Transcribe every line below exactly; no image goes into the output.

- [Information supplied]
________________

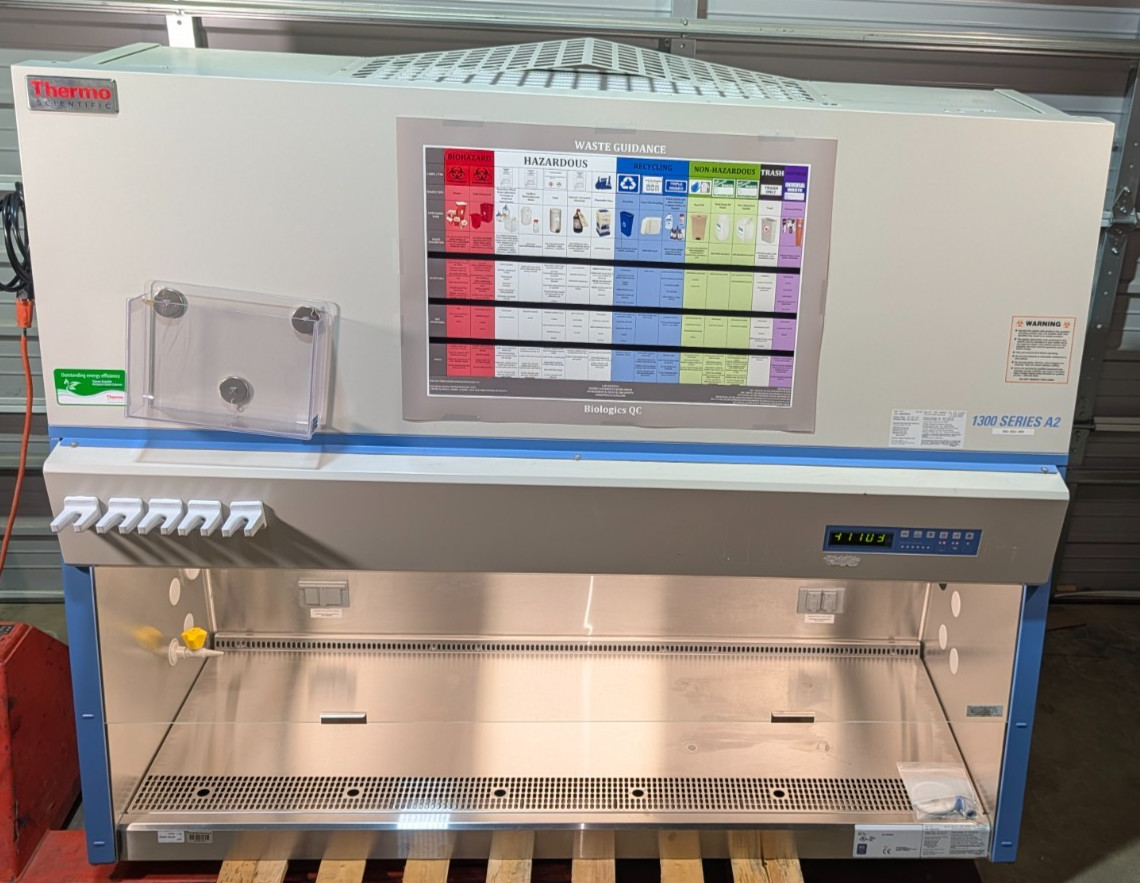 Thermo 1347 1300 Series Class II A2 6' Biological Safety Cabinet with Stand
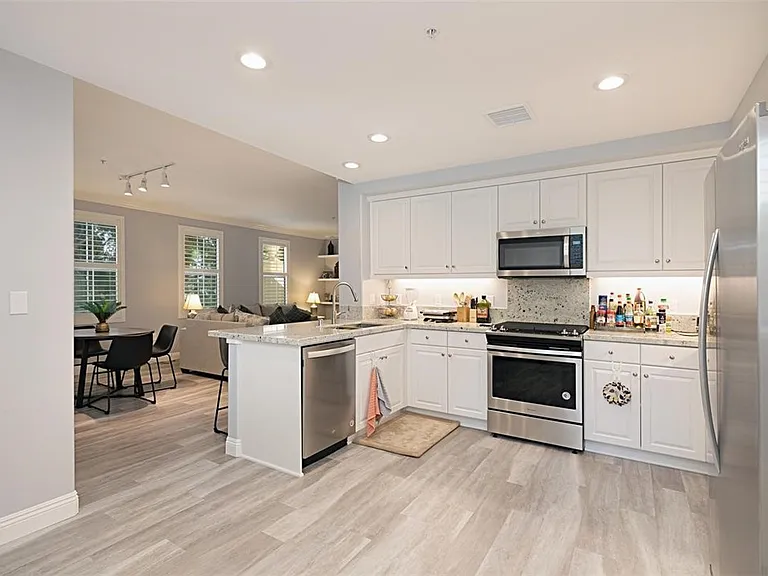 2266 Watermarke Pl — Photo 8
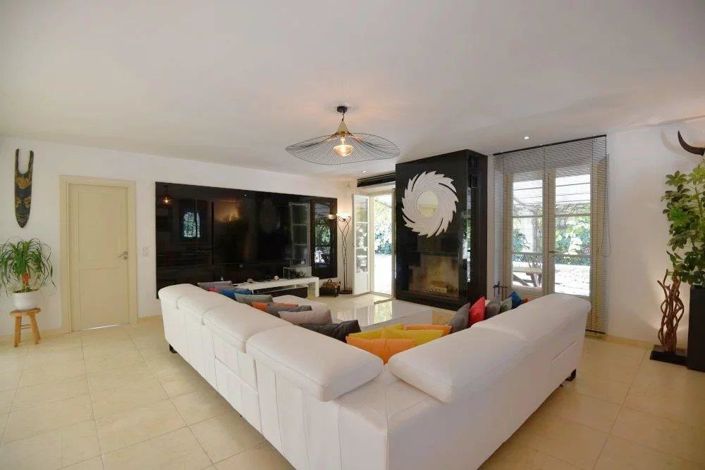 Image No.8-4 Bed House for sale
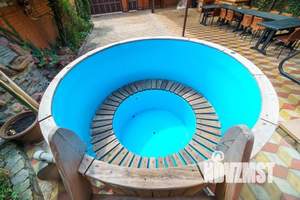 Дом 380м&sup2;, 2-этажный, посуточно,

________________

- [Result of this task]
 Thermo 1347 1300 Series Class II A2 6' Biological Safety Cabinet with Stand
 2266 Watermarke Pl — Photo 8
 Image No.8-4 Bed House for sale
 Дом 380м&sup2;, 2-этажный, посуточно,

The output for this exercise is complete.